SuaraJogja.id - Dugaan pelecehan seksual dialami oleh seorang santri di Pondok Pesantren (Ponpes) wilayah Padukuhan Bogoran, Kalurahan Trirenggo, Kapanewon/Kabupaten Bantul. Mirisnya, santri berjenis kelamin laki-laki asal Wonosobo, Jawa Tengah itu mendapat pelecehan seksual dari ustadnya sendiri.

Seorang keluarga korban, Rani Kristiani mengaku jika keponakannya yang berinisial D meminta untuk segera dijemput. D anak berusia 15 tahun ini menghubungi pamannya pada Jumat (18/6/2021) pagi.

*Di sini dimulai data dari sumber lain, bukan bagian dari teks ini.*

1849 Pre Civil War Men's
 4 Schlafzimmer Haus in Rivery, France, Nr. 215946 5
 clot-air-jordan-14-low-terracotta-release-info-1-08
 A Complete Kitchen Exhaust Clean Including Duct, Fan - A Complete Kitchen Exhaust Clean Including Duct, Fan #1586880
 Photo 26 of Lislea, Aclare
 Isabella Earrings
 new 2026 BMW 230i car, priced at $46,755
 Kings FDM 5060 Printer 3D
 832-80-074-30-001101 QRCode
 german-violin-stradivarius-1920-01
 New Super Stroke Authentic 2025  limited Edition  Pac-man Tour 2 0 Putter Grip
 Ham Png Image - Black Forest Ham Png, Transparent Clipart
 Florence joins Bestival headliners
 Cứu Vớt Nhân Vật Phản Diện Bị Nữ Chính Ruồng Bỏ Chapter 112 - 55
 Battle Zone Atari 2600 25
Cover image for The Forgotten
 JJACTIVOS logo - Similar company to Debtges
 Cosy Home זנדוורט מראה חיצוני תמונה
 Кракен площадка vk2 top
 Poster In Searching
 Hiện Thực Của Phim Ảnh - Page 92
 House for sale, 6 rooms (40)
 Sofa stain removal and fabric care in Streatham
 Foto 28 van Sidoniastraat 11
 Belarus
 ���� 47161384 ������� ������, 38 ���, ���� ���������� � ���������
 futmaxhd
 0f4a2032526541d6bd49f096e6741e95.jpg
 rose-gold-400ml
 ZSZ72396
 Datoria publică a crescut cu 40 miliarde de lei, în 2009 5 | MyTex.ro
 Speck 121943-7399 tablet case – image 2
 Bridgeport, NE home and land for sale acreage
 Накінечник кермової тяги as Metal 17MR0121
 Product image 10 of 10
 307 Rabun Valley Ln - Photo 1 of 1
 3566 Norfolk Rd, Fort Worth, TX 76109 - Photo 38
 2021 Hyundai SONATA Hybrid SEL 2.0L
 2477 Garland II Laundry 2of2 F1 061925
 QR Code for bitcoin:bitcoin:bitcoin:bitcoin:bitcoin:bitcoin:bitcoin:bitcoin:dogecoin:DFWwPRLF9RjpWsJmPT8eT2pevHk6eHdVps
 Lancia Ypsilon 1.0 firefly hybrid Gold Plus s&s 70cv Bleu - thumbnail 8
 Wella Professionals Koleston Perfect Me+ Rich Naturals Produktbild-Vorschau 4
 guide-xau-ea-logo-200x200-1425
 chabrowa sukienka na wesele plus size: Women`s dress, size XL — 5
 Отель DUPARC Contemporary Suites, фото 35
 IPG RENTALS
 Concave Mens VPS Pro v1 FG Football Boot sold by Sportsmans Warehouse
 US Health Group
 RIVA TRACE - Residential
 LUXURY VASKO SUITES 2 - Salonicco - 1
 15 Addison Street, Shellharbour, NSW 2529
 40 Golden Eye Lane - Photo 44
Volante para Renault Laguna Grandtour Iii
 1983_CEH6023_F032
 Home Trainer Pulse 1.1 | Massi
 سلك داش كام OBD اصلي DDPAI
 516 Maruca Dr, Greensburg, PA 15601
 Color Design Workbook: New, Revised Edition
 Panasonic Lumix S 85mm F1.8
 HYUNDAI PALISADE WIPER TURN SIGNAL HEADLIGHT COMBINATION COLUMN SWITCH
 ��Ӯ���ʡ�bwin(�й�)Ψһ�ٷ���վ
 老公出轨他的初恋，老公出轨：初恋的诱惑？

"Pukul 07.30 wib itu anak ini telpon ke nomor om-nya (suami Rani) dengan terbata-bata dan kelihatan ketakutan. Dia memaksa untuk segera dijemput hari itu juga," kata Rani dihubungi wartawan, Kamis (24/6/2021).

Kaget karena D minta segera pulang, Rani memberi tahu jika hari itu masih Jumat dan belum akhir pekan. Sehingga santri-santri tidak boleh pulang.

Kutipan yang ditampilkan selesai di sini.